Action item: Your task is to copy every line of the records below that contains "Read".

Given records:
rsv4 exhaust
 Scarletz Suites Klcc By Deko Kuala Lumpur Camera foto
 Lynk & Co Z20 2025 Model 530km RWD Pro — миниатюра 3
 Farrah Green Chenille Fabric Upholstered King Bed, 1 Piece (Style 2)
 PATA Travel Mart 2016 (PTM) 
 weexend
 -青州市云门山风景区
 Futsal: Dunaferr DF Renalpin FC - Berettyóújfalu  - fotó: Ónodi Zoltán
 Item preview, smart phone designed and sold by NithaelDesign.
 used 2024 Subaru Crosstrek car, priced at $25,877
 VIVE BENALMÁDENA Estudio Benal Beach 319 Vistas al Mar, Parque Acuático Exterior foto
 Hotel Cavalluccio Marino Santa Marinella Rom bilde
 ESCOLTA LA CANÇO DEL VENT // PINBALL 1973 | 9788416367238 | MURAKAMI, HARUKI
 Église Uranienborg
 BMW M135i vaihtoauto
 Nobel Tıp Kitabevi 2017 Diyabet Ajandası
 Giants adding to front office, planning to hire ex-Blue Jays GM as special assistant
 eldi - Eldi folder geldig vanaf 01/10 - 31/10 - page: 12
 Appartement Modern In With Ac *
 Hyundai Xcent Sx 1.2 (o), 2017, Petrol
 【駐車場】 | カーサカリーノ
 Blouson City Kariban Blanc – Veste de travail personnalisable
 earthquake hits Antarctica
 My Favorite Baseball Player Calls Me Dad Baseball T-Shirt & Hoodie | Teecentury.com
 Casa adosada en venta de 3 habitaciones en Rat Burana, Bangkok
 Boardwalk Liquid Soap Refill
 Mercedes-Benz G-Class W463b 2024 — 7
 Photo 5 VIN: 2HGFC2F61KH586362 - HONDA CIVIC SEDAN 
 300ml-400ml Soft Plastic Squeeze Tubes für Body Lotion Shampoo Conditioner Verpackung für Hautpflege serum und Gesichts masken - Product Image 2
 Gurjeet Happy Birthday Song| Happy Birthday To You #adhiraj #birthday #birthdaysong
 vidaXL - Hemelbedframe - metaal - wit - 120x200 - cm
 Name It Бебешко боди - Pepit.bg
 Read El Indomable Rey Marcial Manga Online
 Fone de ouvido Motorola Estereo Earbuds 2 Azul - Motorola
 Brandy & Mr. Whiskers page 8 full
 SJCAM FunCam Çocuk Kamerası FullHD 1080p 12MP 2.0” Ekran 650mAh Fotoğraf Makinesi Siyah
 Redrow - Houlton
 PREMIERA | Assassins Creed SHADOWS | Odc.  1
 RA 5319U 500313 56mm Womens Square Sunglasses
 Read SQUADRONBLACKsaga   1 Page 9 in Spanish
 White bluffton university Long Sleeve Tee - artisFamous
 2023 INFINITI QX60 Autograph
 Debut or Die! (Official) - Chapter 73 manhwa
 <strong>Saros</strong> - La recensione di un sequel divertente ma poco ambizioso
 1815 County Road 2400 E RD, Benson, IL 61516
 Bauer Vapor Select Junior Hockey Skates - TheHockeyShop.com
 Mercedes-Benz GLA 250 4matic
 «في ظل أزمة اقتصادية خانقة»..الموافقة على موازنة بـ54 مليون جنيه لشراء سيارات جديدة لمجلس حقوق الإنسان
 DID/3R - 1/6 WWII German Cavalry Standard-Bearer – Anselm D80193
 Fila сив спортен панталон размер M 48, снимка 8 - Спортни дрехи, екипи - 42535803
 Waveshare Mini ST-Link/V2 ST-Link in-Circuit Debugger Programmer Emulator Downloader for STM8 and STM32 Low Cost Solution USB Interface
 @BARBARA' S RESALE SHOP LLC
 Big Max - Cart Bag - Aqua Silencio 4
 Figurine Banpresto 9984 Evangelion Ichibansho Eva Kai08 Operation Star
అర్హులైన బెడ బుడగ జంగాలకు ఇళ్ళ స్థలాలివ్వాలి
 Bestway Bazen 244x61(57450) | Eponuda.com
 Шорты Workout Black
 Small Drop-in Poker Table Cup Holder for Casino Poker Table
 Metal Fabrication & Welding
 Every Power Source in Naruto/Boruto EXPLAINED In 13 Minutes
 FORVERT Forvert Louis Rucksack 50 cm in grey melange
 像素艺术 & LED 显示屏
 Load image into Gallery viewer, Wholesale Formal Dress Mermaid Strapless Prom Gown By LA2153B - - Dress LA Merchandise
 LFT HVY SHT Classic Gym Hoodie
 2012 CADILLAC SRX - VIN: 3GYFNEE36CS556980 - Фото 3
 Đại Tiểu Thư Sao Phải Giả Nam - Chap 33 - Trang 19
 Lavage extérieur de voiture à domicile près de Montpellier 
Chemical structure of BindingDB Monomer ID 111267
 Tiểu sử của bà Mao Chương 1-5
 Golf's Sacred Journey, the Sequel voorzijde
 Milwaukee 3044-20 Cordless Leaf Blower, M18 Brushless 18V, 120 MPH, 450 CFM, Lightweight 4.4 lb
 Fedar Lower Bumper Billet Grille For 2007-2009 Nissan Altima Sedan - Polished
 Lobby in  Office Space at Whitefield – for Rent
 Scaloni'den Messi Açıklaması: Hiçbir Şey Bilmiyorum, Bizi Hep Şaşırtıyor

Your response:
 Read El Indomable Rey Marcial Manga Online
 Read SQUADRONBLACKsaga   1 Page 9 in Spanish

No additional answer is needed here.